I have a problem proving $T(s+t)=T(s)T(t)$. I try to use Fourier transform, since $(T(t)f)(\theta)=G(\theta,t)*f(\theta)$, it is sufficient to show that $\mathscr{F}(T(t)T(s)f)(\theta)=\mathscr{F}(T(t+s)f)(\theta)$, where $\mathscr{F}$ is the notation of Fourier transformation. But how about $$ \mathscr{F}(G(\theta, t)*G(\theta, s)*f(\theta))=\mathscr{F}(G(\theta, t))\mathscr{F}(G(\theta, s))\mathscr{F}(f(\theta))=?$$
Let $c_0 = \frac{1}{\sqrt{2\pi}}$ and $c_n=\frac{1}{\sqrt{\pi}}\cos(n\theta)$ for $n=1,2,\cdots$. This is an orthonormal subset of $L^2[-\pi,\pi]$, though it is not complete.
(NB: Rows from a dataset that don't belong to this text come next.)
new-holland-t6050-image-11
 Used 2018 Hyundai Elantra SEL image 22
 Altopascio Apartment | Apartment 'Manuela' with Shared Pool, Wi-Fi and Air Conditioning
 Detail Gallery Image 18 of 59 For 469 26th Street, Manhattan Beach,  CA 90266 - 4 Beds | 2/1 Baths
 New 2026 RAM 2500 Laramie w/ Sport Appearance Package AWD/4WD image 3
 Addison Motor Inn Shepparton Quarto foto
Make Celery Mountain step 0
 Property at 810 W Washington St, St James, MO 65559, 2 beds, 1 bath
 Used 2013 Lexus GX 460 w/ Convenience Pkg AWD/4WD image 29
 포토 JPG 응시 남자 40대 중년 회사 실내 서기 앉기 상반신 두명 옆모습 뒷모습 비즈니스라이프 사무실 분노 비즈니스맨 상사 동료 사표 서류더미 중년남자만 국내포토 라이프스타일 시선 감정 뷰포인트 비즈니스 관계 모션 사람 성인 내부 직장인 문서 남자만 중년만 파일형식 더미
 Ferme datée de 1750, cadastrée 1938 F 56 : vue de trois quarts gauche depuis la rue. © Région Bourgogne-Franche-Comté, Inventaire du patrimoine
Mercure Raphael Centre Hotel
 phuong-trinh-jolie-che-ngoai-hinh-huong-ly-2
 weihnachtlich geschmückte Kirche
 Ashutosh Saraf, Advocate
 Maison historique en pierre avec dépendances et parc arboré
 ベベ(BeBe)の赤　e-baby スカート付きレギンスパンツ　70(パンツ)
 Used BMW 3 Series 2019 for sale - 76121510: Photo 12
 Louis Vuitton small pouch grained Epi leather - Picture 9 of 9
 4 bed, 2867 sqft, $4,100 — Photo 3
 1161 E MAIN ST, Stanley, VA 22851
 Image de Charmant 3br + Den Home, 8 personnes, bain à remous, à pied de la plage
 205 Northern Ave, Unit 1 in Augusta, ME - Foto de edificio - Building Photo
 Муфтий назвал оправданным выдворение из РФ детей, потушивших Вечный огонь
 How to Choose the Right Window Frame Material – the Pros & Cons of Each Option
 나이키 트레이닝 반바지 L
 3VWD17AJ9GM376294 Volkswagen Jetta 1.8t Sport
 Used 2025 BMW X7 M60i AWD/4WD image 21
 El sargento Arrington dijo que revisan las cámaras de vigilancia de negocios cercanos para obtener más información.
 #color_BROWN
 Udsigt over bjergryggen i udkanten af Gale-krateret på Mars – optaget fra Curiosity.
In terms of this basis, and the inner product $\langle\cdot,\cdot\rangle$ on $L^2[-\pi,\pi]$, $$ T(t)f = \sum_{n=0}^{\infty}e^{-n^2 t}\langle f,c_n\rangle c_n. $$ Because of this $\langle T(t)f,c_n\rangle = e^{-n^2t}\langle f,c_n\rangle$ for $ > 0$. Therefore, for $s,t > 0$, \begin{align} T(s)T(t)&f=\sum_{n=0}^{\infty}e^{-n^2 s}\langle T(t)f,c_n\rangle c_n \\ &=\sum_{n=0}^{\infty}e^{-n^2s}e^{-n^2t}\langle f,c_n\rangle c_n \\ &=\sum_{n=0}^{\infty}e^{-n^2(s+t)}\langle f,c_n\rangle c_n \\ &= T(s+t)f. \end{align} The cases $T(t)T(0)f=T(0)T(t)f=T(t)f$ are obvious.